==== Given material

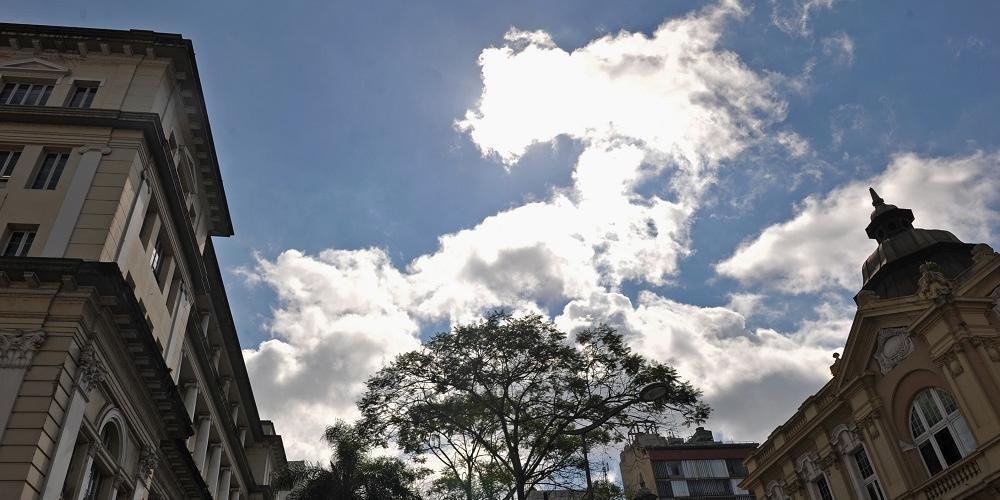 Semana começa com sol entre nuvens em todo o RS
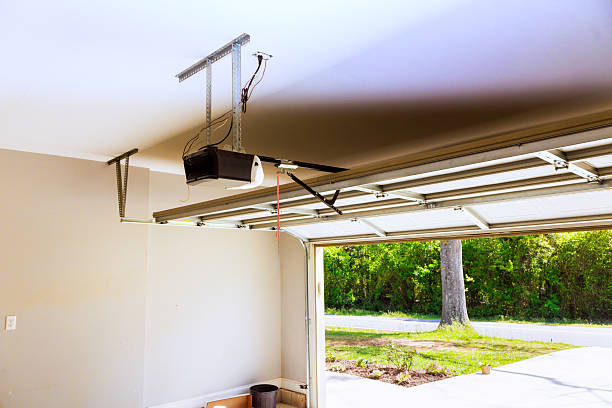Top rated local Garage Door Panel Replacement specialists in Romulus, MI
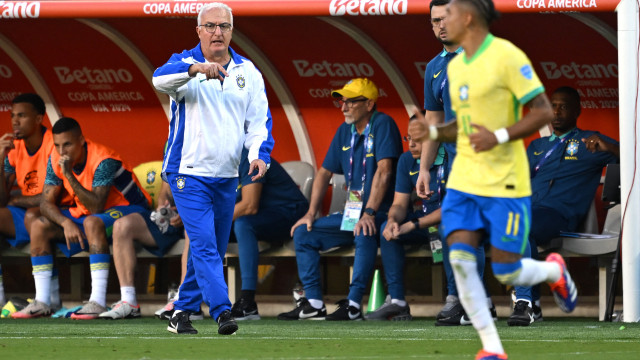 Dorival culpa oscilação pelo empate e a arbitragem pela ausência de Vini Jr. contra o Uruguai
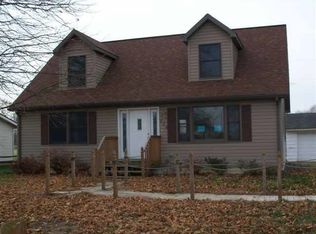 204 Pleasant Ave, Topeka, IN 46571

========

## What is required
Restate word for word the lines from the one with "Top rated local" to the end of the material, both included. Do not include the pictures.

## Exercise answer
Top rated local Garage Door Panel Replacement specialists in Romulus, MI
 Dorival culpa oscilação pelo empate e a arbitragem pela ausência de Vini Jr. contra o Uruguai
 204 Pleasant Ave, Topeka, IN 46571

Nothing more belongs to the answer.